If a goal of yours in 2020 is to renovate an existing bath, this blog will help you budget more realistically and effectively. The budget necessary to create the new bathroom of your dreams depends on several key factors. The first is the goal that you want to achieve. Are you upgrading to increase the value of your home because you will be selling it in the near future? Is your goal to create a personal haven in an in-home spa where you can wash away the stresses of the day? Are you simply sick and tired of dated fixtures, dulled grout and limited functionality?
The age of your home and previous remodels also affect the budget. Our experience indicates that it is typically less costly to renovate a bathroom built-in 2000 than it is to renovate one constructed in 1970. Typically, more surprises arise in older homes as generally those homes may have been renovated multiple times already.
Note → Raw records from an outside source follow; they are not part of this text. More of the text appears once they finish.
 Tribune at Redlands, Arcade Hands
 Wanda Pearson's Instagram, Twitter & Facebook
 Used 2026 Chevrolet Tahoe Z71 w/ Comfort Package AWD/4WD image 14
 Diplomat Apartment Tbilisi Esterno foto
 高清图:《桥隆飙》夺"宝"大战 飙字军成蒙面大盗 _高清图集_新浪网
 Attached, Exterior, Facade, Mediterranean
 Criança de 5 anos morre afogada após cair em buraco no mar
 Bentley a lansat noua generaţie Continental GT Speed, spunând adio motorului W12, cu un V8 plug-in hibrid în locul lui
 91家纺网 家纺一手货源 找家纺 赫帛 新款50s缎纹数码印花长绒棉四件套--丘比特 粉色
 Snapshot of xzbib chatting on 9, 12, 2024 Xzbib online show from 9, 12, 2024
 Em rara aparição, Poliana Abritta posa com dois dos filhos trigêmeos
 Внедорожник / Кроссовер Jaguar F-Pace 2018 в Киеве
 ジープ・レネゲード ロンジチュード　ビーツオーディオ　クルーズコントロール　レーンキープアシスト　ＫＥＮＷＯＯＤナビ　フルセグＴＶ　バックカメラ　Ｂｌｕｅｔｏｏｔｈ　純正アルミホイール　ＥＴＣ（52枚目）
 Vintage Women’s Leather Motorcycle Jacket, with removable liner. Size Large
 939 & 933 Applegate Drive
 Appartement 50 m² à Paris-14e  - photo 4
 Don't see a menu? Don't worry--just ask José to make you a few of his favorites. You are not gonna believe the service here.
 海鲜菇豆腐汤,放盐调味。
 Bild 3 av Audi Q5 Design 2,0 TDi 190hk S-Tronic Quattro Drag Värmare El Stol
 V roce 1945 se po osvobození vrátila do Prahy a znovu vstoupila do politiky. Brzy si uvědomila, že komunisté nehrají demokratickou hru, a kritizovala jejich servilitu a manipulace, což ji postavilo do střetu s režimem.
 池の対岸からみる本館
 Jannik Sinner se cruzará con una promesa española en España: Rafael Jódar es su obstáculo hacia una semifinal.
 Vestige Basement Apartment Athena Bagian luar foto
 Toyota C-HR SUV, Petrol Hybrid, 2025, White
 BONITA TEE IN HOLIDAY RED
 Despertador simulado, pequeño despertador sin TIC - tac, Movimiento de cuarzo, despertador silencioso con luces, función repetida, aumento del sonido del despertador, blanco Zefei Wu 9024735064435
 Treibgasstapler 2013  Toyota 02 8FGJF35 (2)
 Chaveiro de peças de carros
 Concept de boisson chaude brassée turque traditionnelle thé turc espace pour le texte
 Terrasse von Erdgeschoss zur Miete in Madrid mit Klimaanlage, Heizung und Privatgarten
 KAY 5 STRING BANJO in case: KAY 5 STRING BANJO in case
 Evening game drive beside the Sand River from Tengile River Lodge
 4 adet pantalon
More work may have to be done in an older bathroom to bring it up to code as well.
The National Kitchen and Bath Association provides the following guidelines as to what categories you will spend your funds on for a new bath:
- Design fees: 4 percent
- Installation: 20 percent
- Fixtures: 15 percent
- Cabinetry and hardware: 16 percent
- Countertops: 7 percent
- Lighting and ventilation: 5 percent
- Flooring: 9 percent
- Doors and windows: 4 percent
- Walls and ceilings: 5 percent
- Faucets and plumbing: 14 percent
- Other: 1 percent
This is a good starting point, but keep in mind that this will differ depending on labor costs in your region. Most of our customers have specific goals and preferences that require them to spend more or less in some categories. We also recommend to our clients to budget an additional 20% for contingencies and unexpected occurrences during construction.
As with most home improvement projects, bathroom renovations can be viewed as good, better and best options.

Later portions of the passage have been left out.